Como é bom recordar.....quem recorda vive a magia do seu tempo de criança.

Tive a sorte de ter brincado em criança, de ter desenvolvido o meu imaginário com as coisas simples da vida.,Com bonecas de compra e com muito do que eu inventava.

Eu penso que qualquer criança consegue através do seu imaginário criar e recrear situações lúdicas e afectivas, independente de terem bonitos brinquedos de compra.

Penso que hoje se exagera muito.....a criatividade pode estar posta em causa....

Os brinquedos construídos por elas próprias são os mais adorados e os que melhor vão satisfazer os seus interessas.
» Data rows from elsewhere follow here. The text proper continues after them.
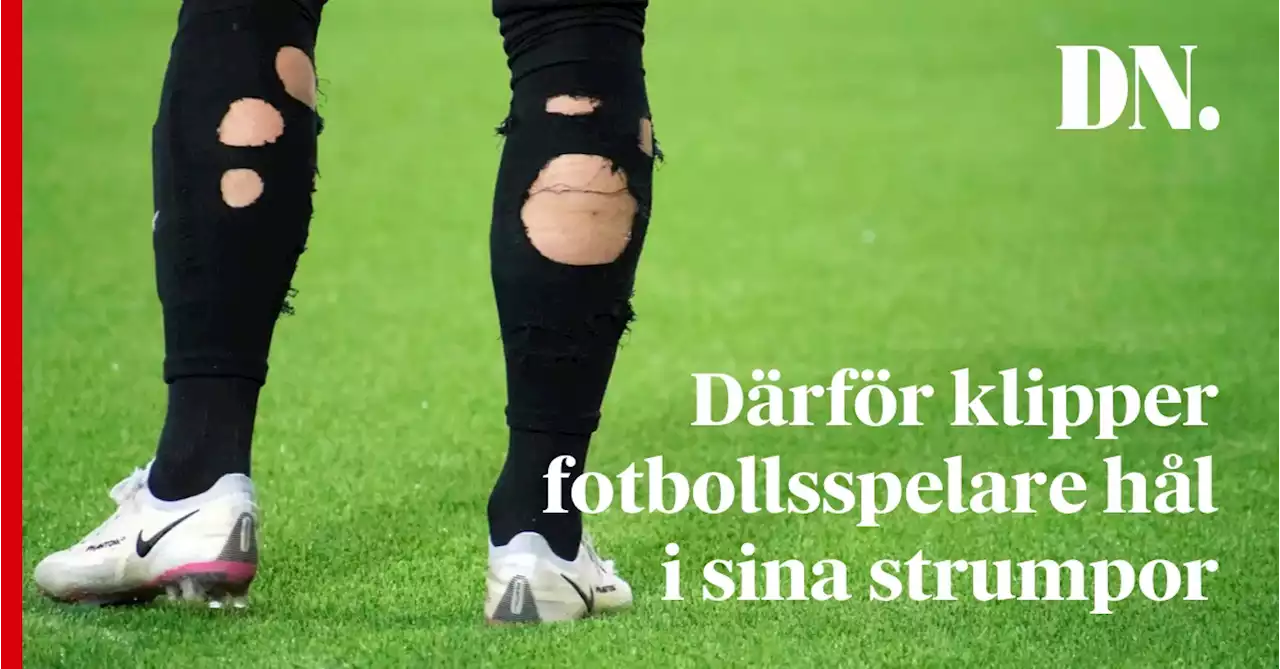 Därför klipper fotbollsspelare hål i sina strumpor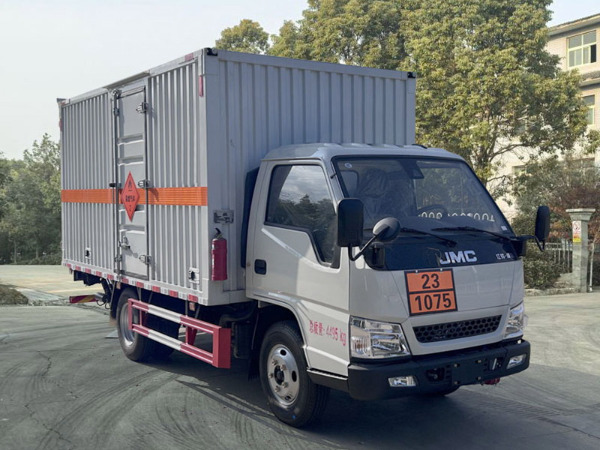 江鈴易燃?xì)怏w廂式運(yùn)輸車(chē)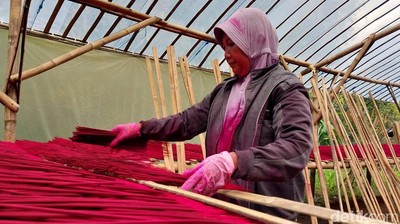 Perajin Dupa di Malang Ramai Pesanan Jelang Imlek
Minha mãe, que nasceu e foi crescendo numa fazenda, propriedade dos pais, contava que as bonecas dela eram feitas do carolo do milho e canas e ela depois, confeccionava-lhe vestidos, chapéus e lenços. Disse-me que nunca teve uma boneca de compra e que o primeiro dinheiro que ganhou, comprou uma boneca de louça mas colocou-a sobre a almofada da cama. Apenas brincava com as que ela fazia. Essas sim eram as que para ela tinham vida, que correspondiam aos seus interesses lúdico/afectivos.,Ela construía os seus brinquedos brincava às casinhas com as coisas da casa com o que tinha próximo, à mão. Os irmãos faziam carros de rodinhas do mesmo modo, com o que tinham ao dispôr e todos brincaram a seu jeito.....

Outra nota: A maninha era a minha irmã mais nova. A Constantina a empregada da casa (governante, muito mãe e conselheira) A Zé a ama da minha irmã, entrou naquela casa quando ela nasceu.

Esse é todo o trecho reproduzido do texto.